Enticing people who have grown accustomed to working from home back to a workplace is no small feat.
Today’s low unemployment market has handed workers more power to pick and choose the right job. So if the office is inconvenient to access by public transport or doesn’t offer the right amenities, employers risk losing staff to other businesses with a better offering.
A prime location and a quality fit-out are crucial for today’s landlords, says Josh Tebb, head of Victorian metro office leasing at JLL.
“Tenants don’t care so much whether or not offices are cheap at the moment, it’s all about the quality because it’s all about the talent.
“We’ve all got accustomed to working from home, so there needs to be some reason for us to come in – to collaborate, to socialise, for efficiencies.
“It’s a very competitive jobs environment so if you don’t like where you work or where it’s located, you don’t go into the office and you start to be less tied into the culture of the business you work for. And you can get more money to move because that’s the state of things.”
An attractive lease deal helps, but for businesses trying to retain staff and attract new talent, a building fit-out that goes the extra mile is more important.
Virtual meetings and the occasional face-to-face have helped most teams preserve their culture throughout the pandemic, but now businesses are focused on making up lost ground. Organisations are searching for buildings with a variety of spaces to bring their people together and inspire teamwork.
Collaboration areas such as auditoriums, training rooms, business lounges and even rooftop barbecue and dining spaces are very much in demand, says Tim Molchanoff, head of office leasing, Australia and New Zealand, at Cushman & Wakefield.
“There is a bigger focus on the office ecosystem to encourage workplace participation,” he says.
“Post-COVID demand is less about office space per se, but more about a better experience – with an importance on leveraging an ecosystem of work environments, with increased flexibility, a better work-life balance and focus on employee wellbeing, as well as increasing the share of knowledge between staff.
“To attract and retain talent, tenants continue to seek buildings with quality end-of-trip facilities and amenities, as well as premium locations, car parking and public transport options,” he adds.
“Furthermore, access to better network connectivity, equipment and ergonomic workspace is more important than ever.”
National vacancy rates increased ever so slightly in the six months to January this year, up from 11.9 per cent to 12.1 per cent, Property Council of Australia figures show.
But the rise reflects new offices coming onto the market rather than a dip in supply, says Ken Morrison, council chief executive.
“The reality is that most CBD businesses continue to see the office as integral [to] their future and that is reflected in the increased demand for office space over the past six months,” he says.
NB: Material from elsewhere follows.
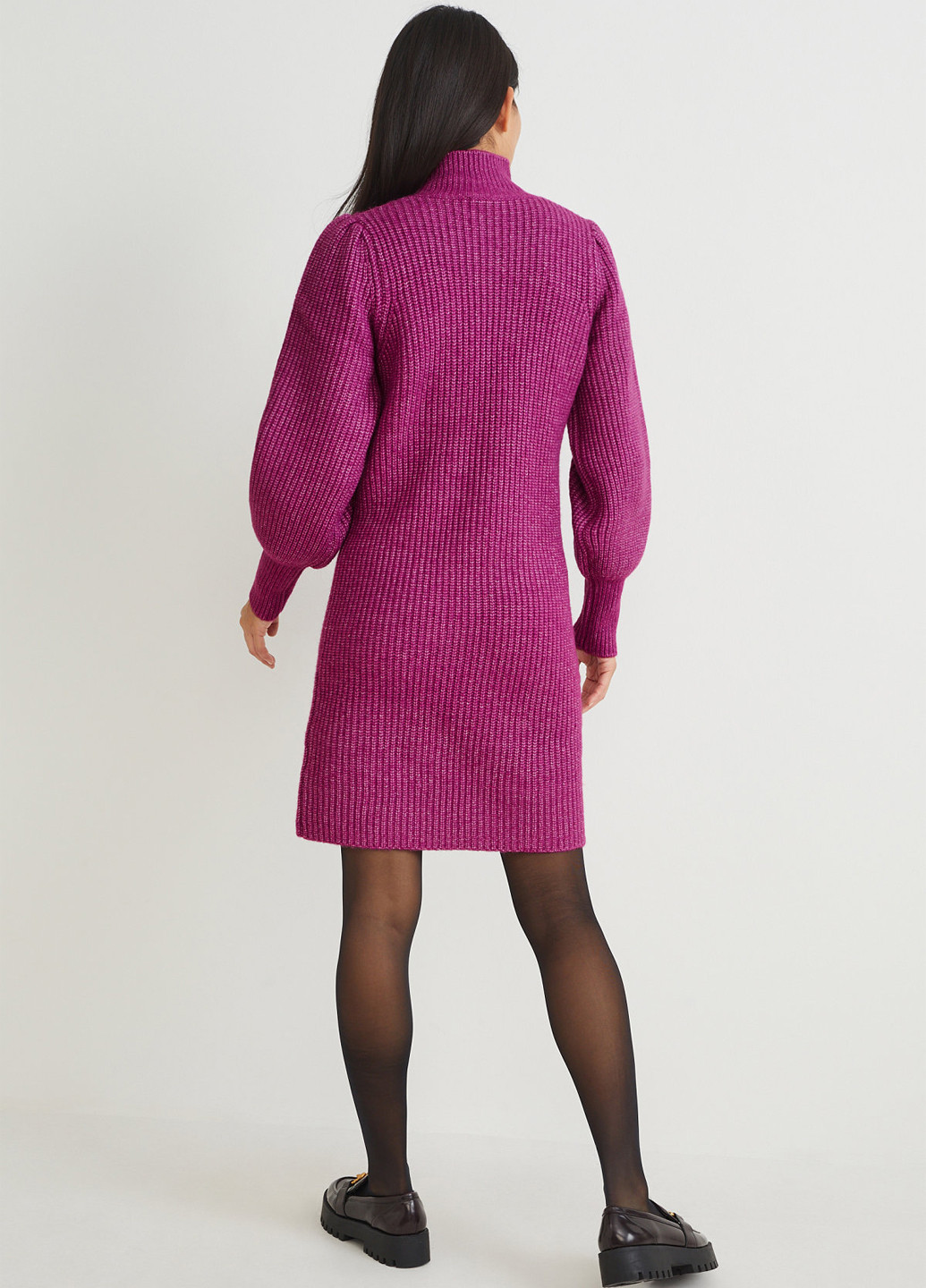 Фуксинова (кольору Фукія) кежуал сукня сукня светр C&A однотонна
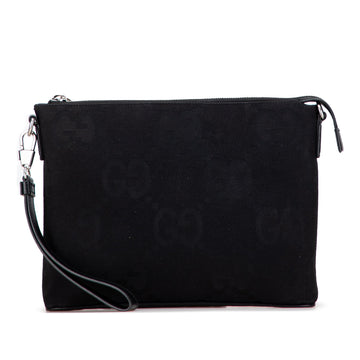 Gucci Zip Messenger Bag Jumbo Gg Canvas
A nationwide hesitancy to return to business as usual was expected, particularly as companies figured out what their office requirements were into the future. Agents are accordingly offering shorter lease terms, but have been surprised by large businesses taking out long-term leases.
One example is dentsu Australia, part of the global marketing and advertising agency, signing a seven-year deal for a Cremorne office in Melbourne at just under 5000 square metres.
Tebb says the relocation was driven by finding a new building with room to grow, but also with health and wellbeing facilities, such as top-of-the-line air purification technology.
“Everyone keeps telling me that post-COVID it’s all about short-term and flex, but we’re dealing with major global corporates who are taking long-term views on their physical office space,” he says.
Demand for office space is set to continue as COVID-19 recedes further into the background. This is especially the case for Melbourne – the city hardest hit by pandemic lockdowns in Australia – where a total of 45,560 square metres of office space has been taken up by new leases. Property Council of Australia figures for February 2022 also show the city posting the second strongest demand for CBD office space just behind Perth.